Streamz adds microsecond overhead to normal Python operations.

from streamz import Stream

source = Stream()

def inc(x):
    return x + 1

source.sink(inc)

In [5]: %timeit source.emit(1)
100000 loops, best of 3: 3.19 µs per loop

In [6]: %timeit inc(1)
10000000 loops, best of 3: 91.5 ns per loop

You may want to avoid pushing millions of individual elements per second through a stream. However, you can avoid performance issues by collecting lots of data into single elements, for example by pushing through Pandas dataframes instead of individual integers and strings. This will be faster regardless, just because projects like NumPy and Pandas can be much faster than Python generally.

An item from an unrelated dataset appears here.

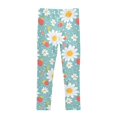 thumbnail image 4 of joogoo Girls' Leggings Strawberry Daisy Floral Yoga Pants 5T, 4 of 8
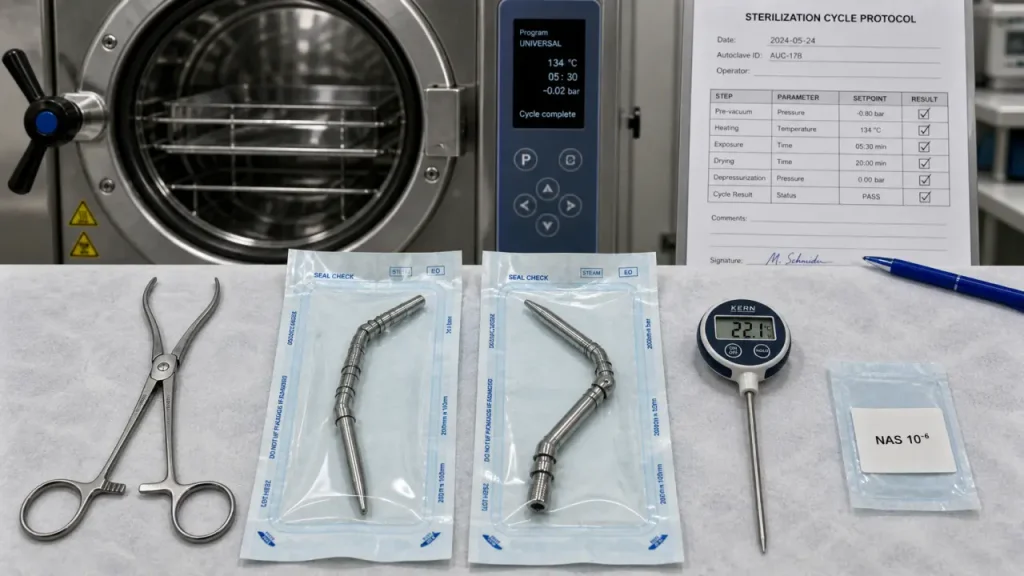 Stérilisation matériel médical : autoclave, contrôles et normes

In the following example we pass filenames through a stream, convert them to Pandas dataframes, and then map pandas-level functions on those dataframes. For operations like this Streamz adds virtually no overhead.

source = Stream()
s = source.map(pd.read_csv).map(lambda df: df.value.sum()).accumulate(add)

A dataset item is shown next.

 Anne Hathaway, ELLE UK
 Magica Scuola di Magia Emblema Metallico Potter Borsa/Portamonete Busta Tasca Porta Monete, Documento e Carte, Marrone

for fn in glob('data/2017-*-*.csv'):
    source.emit(fn)

Streams provides higher level APIs for situations just like this one. You may want to read further about collections

Metadata

Metadata can be emitted into the pipeline to accompany the data as a list of dictionaries. Most functions will pass the metadata to the downstream function without making any changes. However, functions that make the pipeline asynchronous require logic that dictates how and when the metadata will be passed downstream. Synchronous functions and asynchronous functions that have a 1:1 ratio of the number of values on the input to the number of values on the output will emit the metadata collection without any modification. However, functions that have multiple input streams or emit collections of data will emit the metadata associated with the emitted data as a collection.

Reference Counting and Checkpointing

Checkpointing is achieved in Streamz through the use of reference counting. With this method, a checkpoint can be saved when and only when data has progressed through all of the the pipeline without any issues. This prevents data loss and guarantees at-least-once semantics.

Any node that caches or holds data after it returns increments the reference counter associated with the given data by one. When a node is no longer holding the data, it will release it by decrementing the counter by one. When the counter changes to zero, a callback associated with the data is triggered.

References are passed in the metadata as a value of the ref keyword. Each metadata object contains only one reference counter object.